Within the material below, transcribe exactly the lines from the one holding "Map Washington State" through the one holding "The CamPod- 8x8", keeping both ends and skipping the rest.

• **EXERCISE MATERIAL**
________________

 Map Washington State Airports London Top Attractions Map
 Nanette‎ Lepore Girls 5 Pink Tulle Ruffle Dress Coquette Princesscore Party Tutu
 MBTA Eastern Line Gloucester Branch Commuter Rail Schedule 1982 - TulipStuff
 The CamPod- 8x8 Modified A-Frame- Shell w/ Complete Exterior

________________

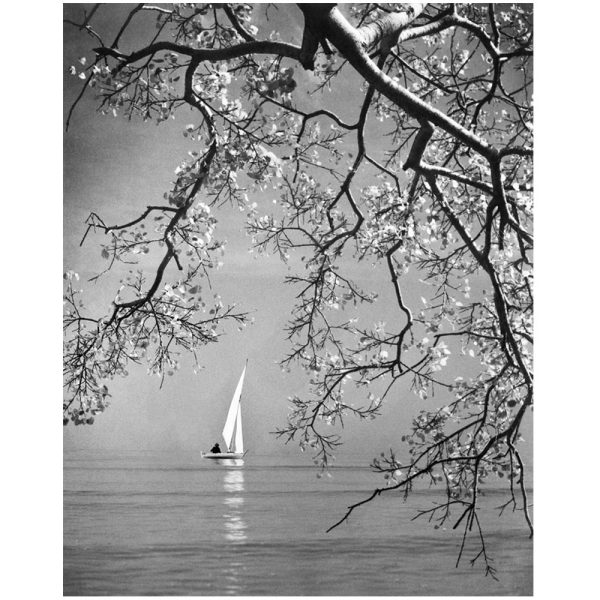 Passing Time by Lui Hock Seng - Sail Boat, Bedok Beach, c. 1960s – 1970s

________________

• **OUTPUT OF THE EXERCISE**
 Map Washington State Airports London Top Attractions Map
 Nanette‎ Lepore Girls 5 Pink Tulle Ruffle Dress Coquette Princesscore Party Tutu
 MBTA Eastern Line Gloucester Branch Commuter Rail Schedule 1982 - TulipStuff
 The CamPod- 8x8 Modified A-Frame- Shell w/ Complete Exterior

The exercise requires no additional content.